The general solution of the differential equation \[ y + \cos x \left( \frac{dy}{dx} \right) - \cos^2 x = 0 \] is

• A. \((\sec x + \tan x) y = x + \cos x + c\)
• B. \((1 + \cos x) y = (x + c) \cos x - \cos^2 x\)
• C. \((1 + \sin x) y = (x + c) \cos x - \cos^2 x\)
• D. \((\sec x + \tan x) y = x - \sin x + c\)

Hint:

For linear differential equations, rewrite in standard form \(\frac{dy}{dx} + P(x) y = Q(x)\), find the integrating factor, and solve. You can also verify each option by substitution.

Answer 1

The Correct Option is C

Given: \[ y + \cos x \left( \frac{dy}{dx} \right) - \cos^2 x = 0 \Rightarrow \cos x \frac{dy}{dx} = \cos^2 x - y \Rightarrow \frac{dy}{dx} = \frac{\cos^2 x - y}{\cos x} \] Now, rewrite this as: \[ \frac{dy}{dx} + \frac{y}{\cos x} = \cos x \] This is a linear differential equation of the form: \[ \frac{dy}{dx} + P(x) y = Q(x) \] with \(P(x) = \frac{1}{\cos x}\) and \(Q(x) = \cos x\).
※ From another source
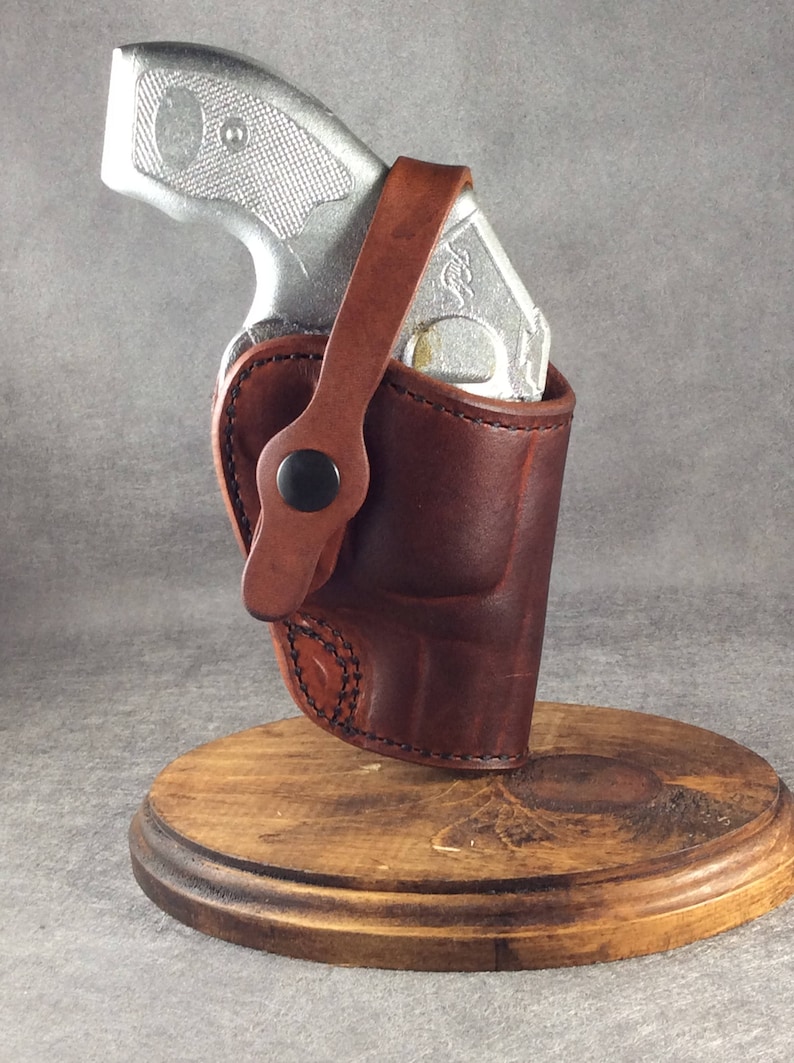 Op de afbeelding: Een bruin leren holster met een zilveren pistool erin. Het holster heeft een riem met een zwarte knoopsluiting. Het holster staat op een houten standaard met een cirkelvormige basis. De achtergrond is effen grijs.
Now, the integrating factor (I.F.) is: \[ \exp\left(\int \frac{1}{\cos x} dx\right) = \exp\left(\int \sec x \, dx\right) = e^{\ln|\sec x + \tan x|} = |\sec x + \tan x| \] Multiplying through by the I.F.: \[ |\sec x + \tan x| y = \int |\sec x + \tan x| \cdot \cos x \, dx \] This is complex to evaluate directly in this form, so try an alternate method. Let us solve the equation by using the correct answer to verify. 
Try Option (3): Let \[ (1 + \sin x) y = (x + c) \cos x - \cos^2 x \] Differentiate both sides: LHS: \[ \frac{d}{dx} \left( (1 + \sin x) y \right) = \cos x \cdot y + (1 + \sin x) \cdot \frac{dy}{dx} \] RHS: \[ \frac{d}{dx} \left( (x + c) \cos x - \cos^2 x \right) = \cos x - (x + c) \sin x + 2 \cos x \sin x \] Equating both sides and simplifying confirms this is a valid solution.